Ripropongo qui quanto da me scritto nel catalogo di ‘O Curt 2008 a proposito della formazione audiovisiva e delle scuole di cinema.

Nell’ambito di ‘O Curt torna, dopo la piacevole prima esperienza dell’anno scorso, la sezione dedicata ai lavori realizzati dagli studenti delle scuole di cinema italiane. Otto opere che spaziano dalla sperimentazione al comico, dal recupero delle tradizioni orali allo spoof e che si cimentano coraggiosamente con i linguaggi del “cinema cinema”, del documentario, della televisione e, consapevolmente, con i tempi ristretti di quel prodotto, riservato a pochi e selezionatissimi fruitori, chiamato “cortometraggio di fine corso”.

Tutte le opere presenti in rassegna – così come quelle che ci sono pervenute, ma che per motivi di tempo non saranno proiettate – sono visibilmente permeate di entusiasmo, di sapienza, di padronanza tecnica e linguistica, e se, com’è, possono apparire imperfette allo spettatore occasionale, è solo a causa delle non illimitate risorse economiche e tecnologiche a disposizione delle scuole che le hanno prodotte. La loro imperfezione, insomma, non può di certo essere imputata al lavoro approssimativo dei docenti o alla poca passione in esse investita dai loro giovani autori. Già, perché in Italia, a parte pochissime eccezioni non sempre degne di lode, le scuole di cinema sono strutture indipendenti e private, arditamente tese verso la folle e molteplice mission di formare professionisti, diffondere la cultura del cinema e, al contempo, tenere in vita un mercato che ruota attorno ad una merce, la formazione alle arti ed ai mestieri del cinema, che in Italia è ora un bene di lusso ma che, in una società evoluta, andrebbe assimilata all’istruzione di alto livello e pertanto considerata un bene irrinunciabile.

Nella patria di Pastrone (l’inventore, diciamolo, del blockbuster), di De Sica, Rossellini e Fellini, ci si lamenta da tempo immemore di un cinema nazionale debole ed ansimante, e da più parti si biasimano le errate politiche statali sulla cinematografia. Produttori ed autori levano le voci per chiedere più attenzione e più denaro ed il termine di paragone, nei discorsi tra gli studenti così come nei consigli di amministrazione delle case di produzione, è l’industria cinematografica statunitense. Ci si dimentica quasi sempre però di riflettere sulla formazione.

Negli Stati Uniti esiste, è vero, un’industria efficiente (e crudele) che crea arte e ricchezza, ma quest’industria arruola cineasti che prima di mettere piede in uno studio anche solo come interni non pagati possiedono già una formazione solidissima, acquisita nelle organizzatissime scuole di cinema della West Coast e nelle prestigiose accademie dell’East Coast.
Gli storici del cinema sono concordi nell’affermare che negli anni ’70 Hollywood fu salvata dai Movie Brats, i primi autori spudoratamente autoconsapevoli del cinema americano.
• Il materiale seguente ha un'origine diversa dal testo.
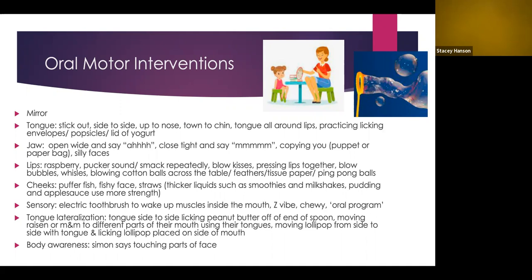Activities targeting the jaw include opening wide and saying 'ah,' making a silly sound, and closing your mouth tight. Copying with a puppet or paper bag is fun here too. Making any sort of silly face works well — whether the child makes a face in the mirror, you copy theirs, or they copy yours.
Ebbene, costoro – alcuni dei quali rispondono ai nomi di Martin Scorsese (Master of Fine Arts presso la NYU’s Tisch School of the Arts), Francis Ford Coppola (M.F.A. in film directing conseguito alla UCLA Film School), John Milius, George Lucas (entrambi ex studenti alla University of Southern California School of Cinema-Television), Brian De Palma (Sarah Lawrence College) – arrivarono alla regia di opere commerciali dopo aver sgobbato sui banchi, sui set, e nelle sale di montaggio delle scuole di cinema.
Possiamo, poi, non trarre delle conclusioni interessanti dopo aver constatato che cineasti importantissimi e così diversi tra loro quali il roboante John McTiernan, l’oscuro David Lynch, il filosofico Terrence Malick, il tormentato Paul Schrader, l’integrato Edward Zwick, il magistrale Janusz Kamiński, il cult delle nuove generazioni Darren Aronofsky, il discontinuo Martin Brest e l’unica donna al modo ad aver diretto almeno un paio di Blockbuster, Mimi Leder, si siano tutti diplomati presso lo stesso istituto di istruzione cinematografica avanzata (l’AFI Conservatory)? No, non possiamo. Quel che possiamo, invece, è augurarci, per il bene del nostro cinema, che in Italia si investa di più nella formazione cinematografica, magari riconoscendo il ruolo di quei centri di formazione cine-televisiva che già da tempo operano sul campo ottenendo risultati.